PROBLEM REQUIREMENTS:
Taking the line with "NWT Womens Black" as the first and the line with "Cartão De Agradecimento" as the last, set down the lines below exactly, pictures excluded.

[Crawled caption data]
**********

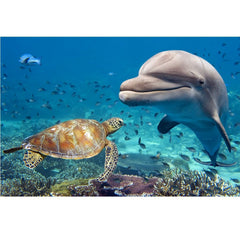 Realistic Dolphin and Turtle Underwater on Reef Fabric Panel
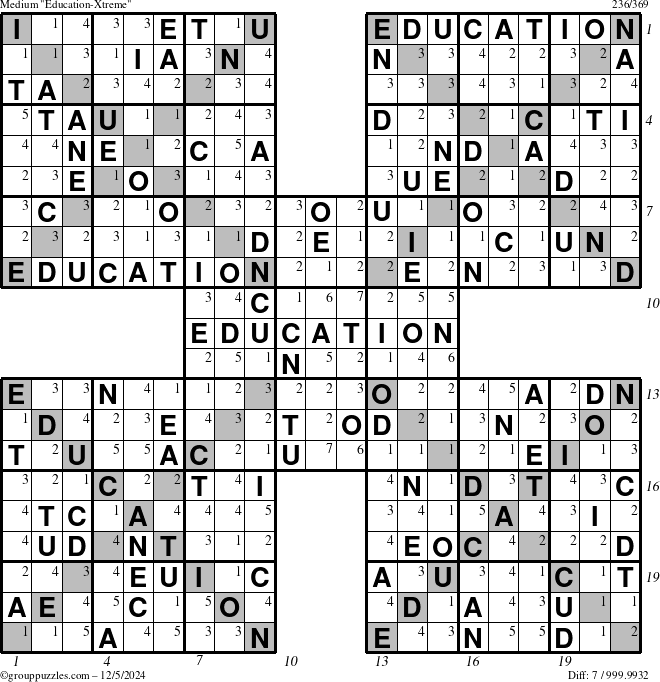 The grouppuzzles.com Medium Education-Xtreme puzzle for Thursday December 5, 2024, suitable for printing, with all 7 steps marked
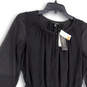 NWT Womens Black Pleated Balloon Sleeve Pullover Fit & Flare Dress Size XS image number 3
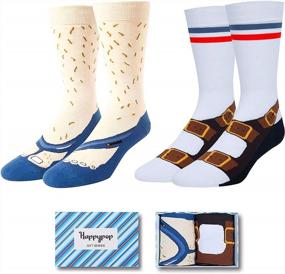 img 3 attached to HAPPYPOP Men Funny Golf Poker USA Flag Game Medical Nurse Space Socks 2 Pack With Gift Box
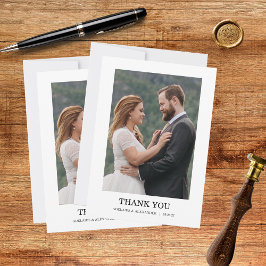 Cartão De Agradecimento Casamento Fotográfico com Roteiro Moderno
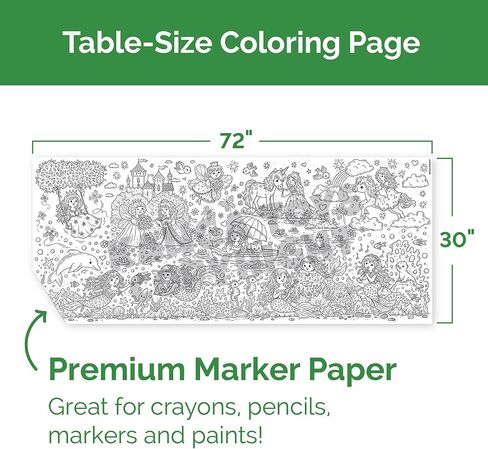 KangaToys Giant Santa Christmas Coloring Activity Poster for Families - 30 x 72 inches Table Size Jumbo Banner for Holiday Family Gatherings, Parties, or Events in Saudi Arabia
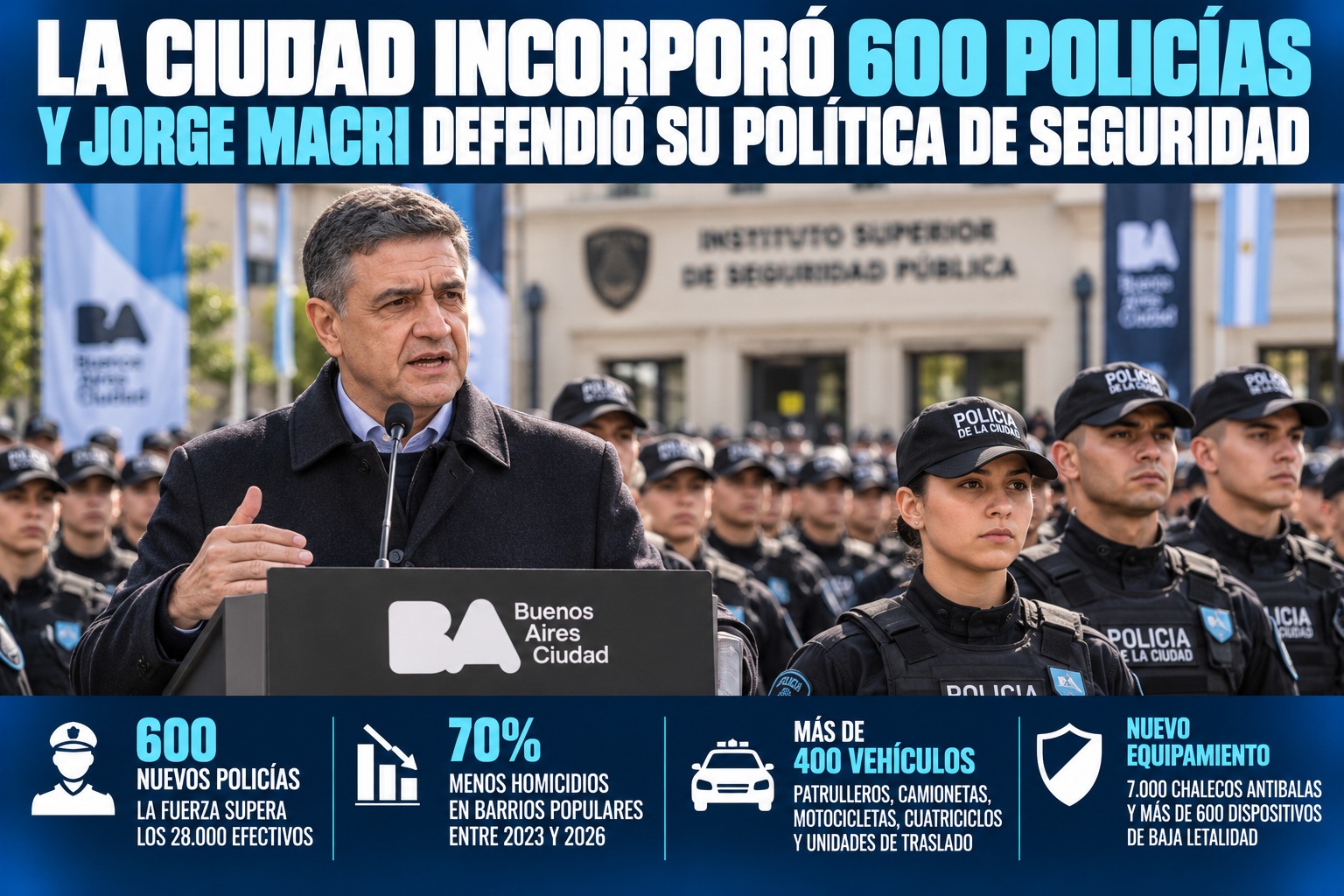 La Ciudad incorporó 600 policías y Jorge Macri defendió su política de seguridad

**********

REPLY:
 NWT Womens Black Pleated Balloon Sleeve Pullover Fit & Flare Dress Size XS image number 3
 img 3 attached to HAPPYPOP Men Funny Golf Poker USA Flag Game Medical Nurse Space Socks 2 Pack With Gift Box
 Cartão De Agradecimento Casamento Fotográfico com Roteiro Moderno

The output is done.